Location
- 1501 Tomahawk Trail Oswego, Kansas 67356 United States 37°10′26″N 95°7′3″W﻿ / ﻿37.17389°N 95.11750°W

Information
- School type: public secondary
- School district: Oswego USD 504
- Superintendent: Doug Beisel
- Principal: Rob Schneeberger
- Teaching staff: 20
- Grades: 7–12
- Gender: coed
- Enrollment: 192 (2023-2024)
- Campus type: Commuter Town/Rural
- Colors: Red White
- Slogan: Believe, Achieve, Succeed!
- Song: Oswego High!
- Fight song: On the Warpath
- Athletics conference: Three Rivers League
- Mascot: Indians
- Team name: Indians Lady Indians
- Rival: Chetopa High School
- Accreditation: AdvancED; Blue Ribbon; 2011
- Website: School website

= Oswego Junior Senior High School (Kansas) =

Oswego Junior Senior High School is a public co-educational school in Oswego, Kansas serving students in grades 7-12. The school is part of the Oswego USD 504 school district.

==History==
The former Oswego High School moved to this site in 1994 from a historic 1921 building near uptown Oswego.
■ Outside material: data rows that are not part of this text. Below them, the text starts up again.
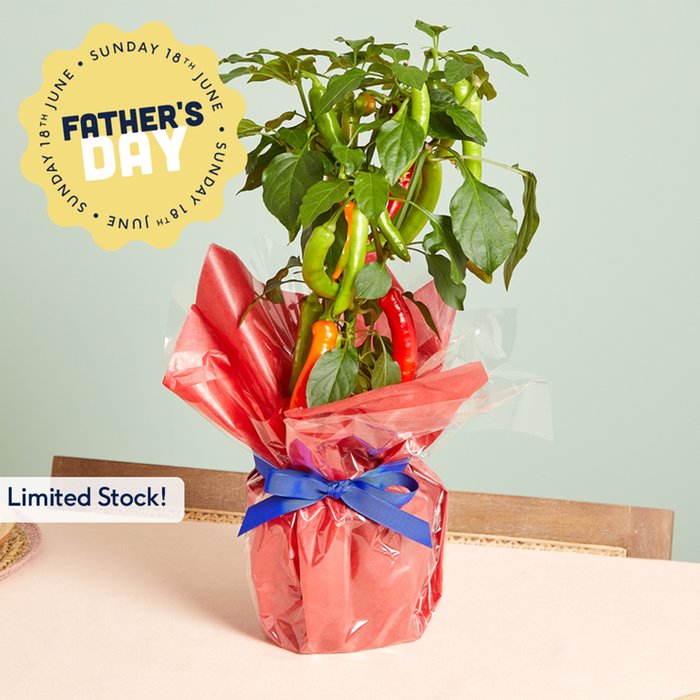 Large Gift Wrapped Red Hot Chilli Plant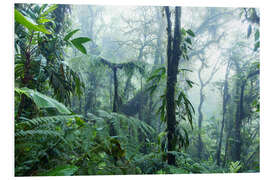 Foam board print Rainforest in Costa Rica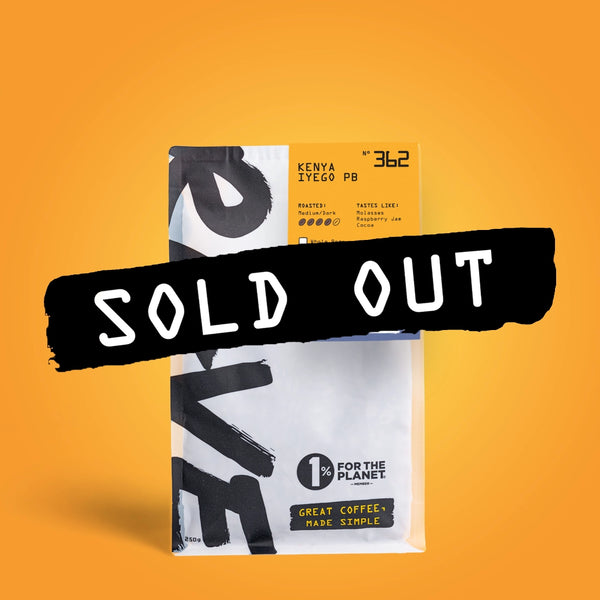 A bag of RAVE COFFEE Kenya Iyego PB Nº 362 against a yellow background, featuring a black sticker that says SOLD OUT diagonally across the center.
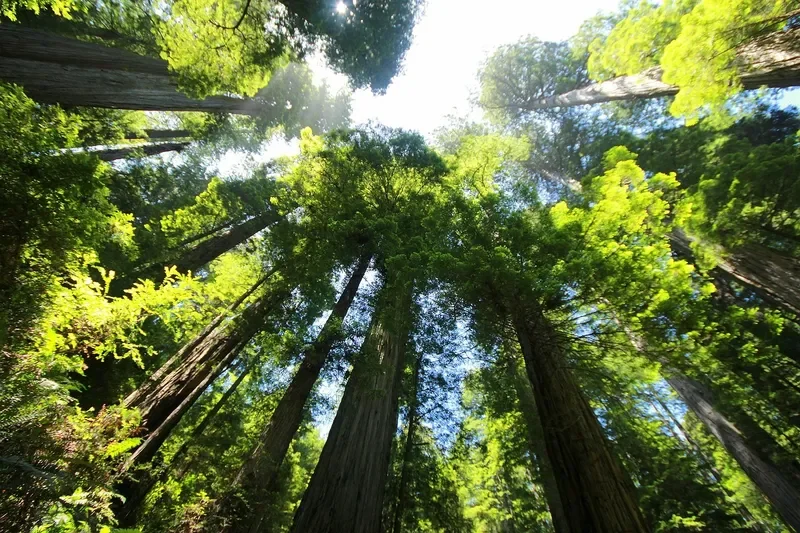 Looking up through the canopy of a redwood forest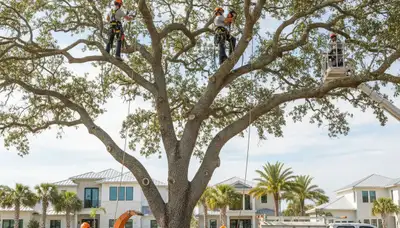 Professional tree removal service in Sarasota FL safely clearing large oak trees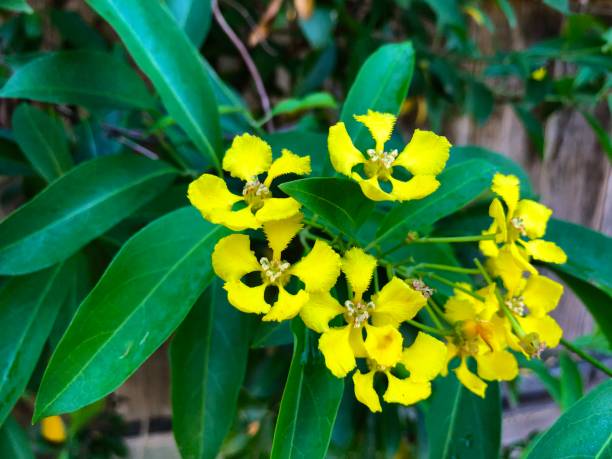 istock Yellow flowers on green butterfly vine 1154117827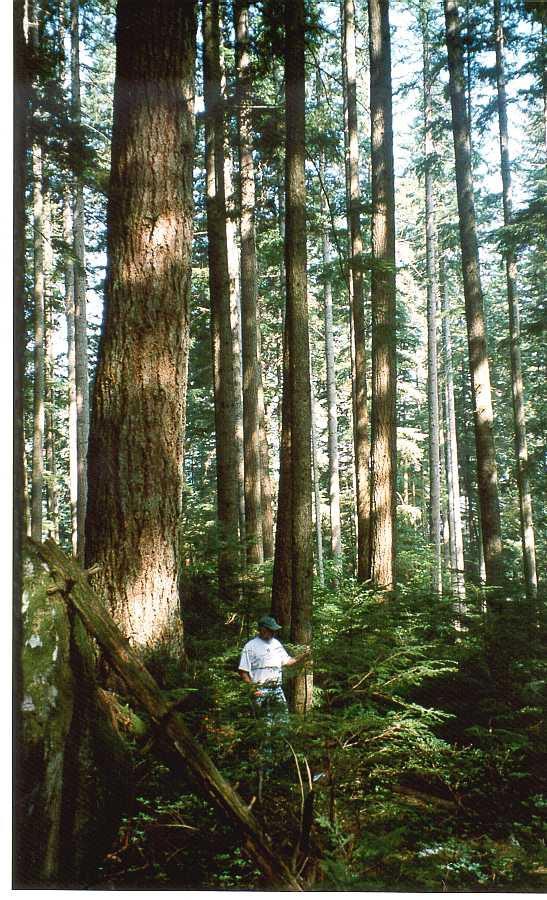 Wide Diversity West, Pacific Ocean Coastal Forests Large trees up to 2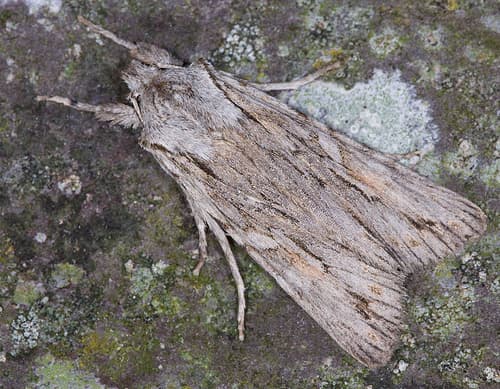 Blair's Shoulder-Knot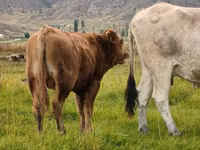 公牛, Aberdeen-Angus — 照片 7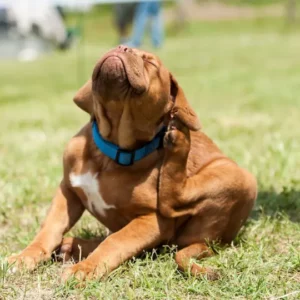 Cane che si gratta l'orecchio in un prato verde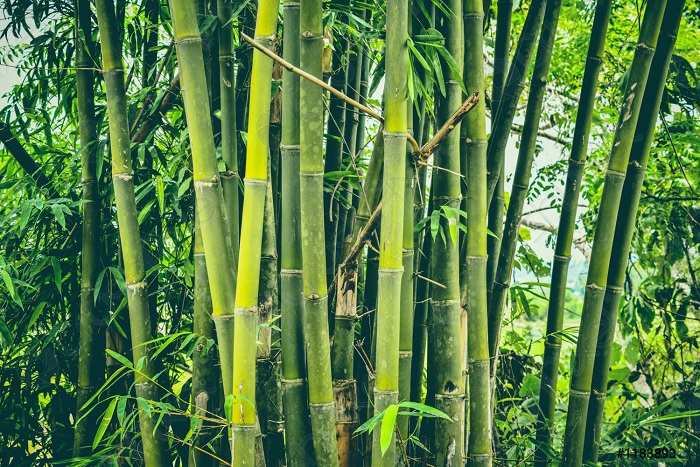 Thành phần độc đáo làm tăng sức mạnh cho tre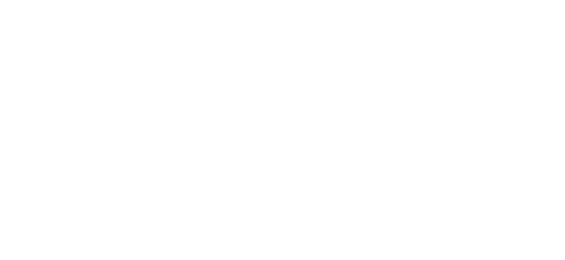 بٹ پے logo
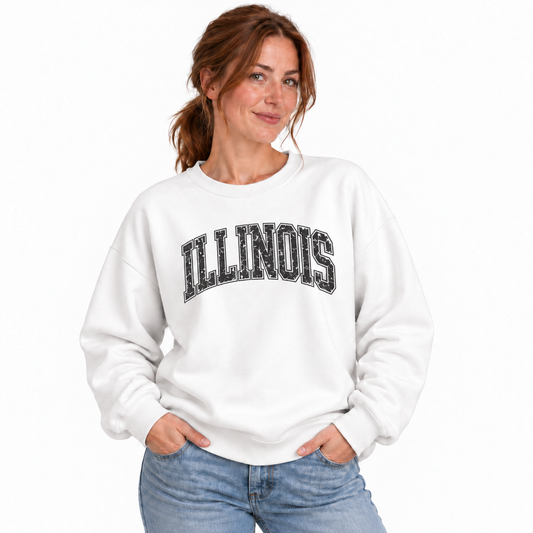 Illinois Bold Collegiate Arched Varsity Vintage Sweatshirt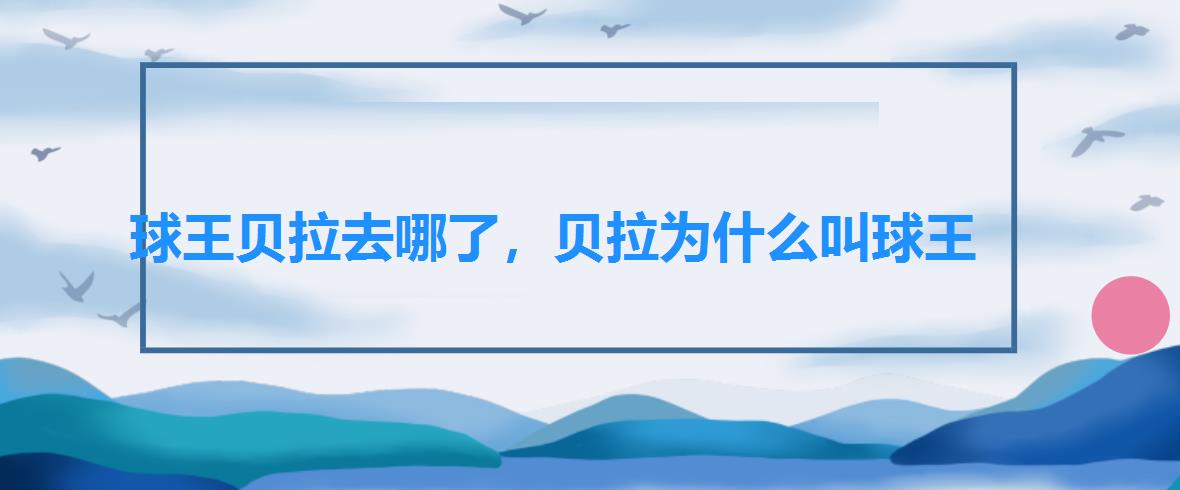 球王贝拉去哪了,贝拉为什么叫球王 球王贝拉去哪了,贝拉为什么叫球王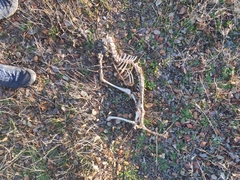 Vulpes vulpes silacea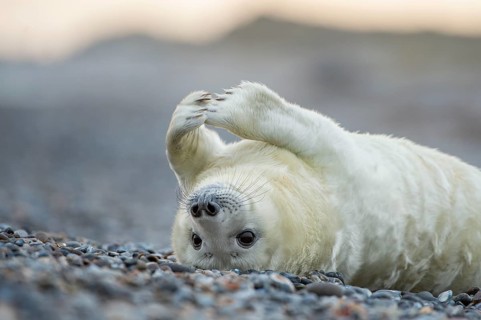 Young grey seal (Halichoerus grypus) on the beach, Nordesee, Heligoland, Schleswig-Holstein,
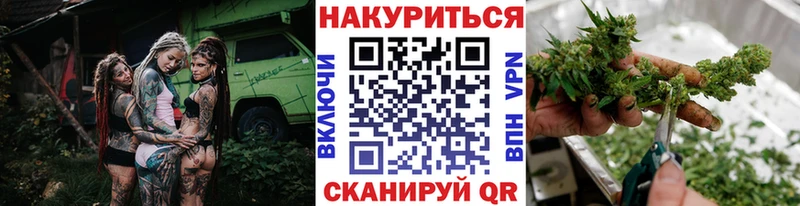 Бошки марихуана план  omg сайт  Пласт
Following the high school's move, the former Oswego Junior High School moved from the former Westside School attendance center into the high school's former building and became Oswego Middle School, serving grades 6-8.

In 2015, Oswego USD 504 completed a large expansion at the Tomahawk Trail campus, and combined the two attendance centers, creating Oswego Junior Senior High School. Sixth grade students returned to the Neosho Heights Elementary School attendance center.

==Academics==
Oswego High School was honored in 2011 by the United States Department of Education as part of the National Blue Ribbon Schools Program. The Blue Ribbon Award recognizes public and private schools which perform at high levels or have made significant academic improvements.

==Athletics==
Oswego High School fields athletic teams in baseball, basketball, cheerleading, cross country, football, golf, softball, track and field, and volleyball.

Oswego Junior High School teams include basketball, cheerleading, football, track and field, and volleyball. Both schools have a pep band for football and basketball games.

==Arts==
The campus offers programs in concert band, concert choir, photography, theatre, and the visual arts.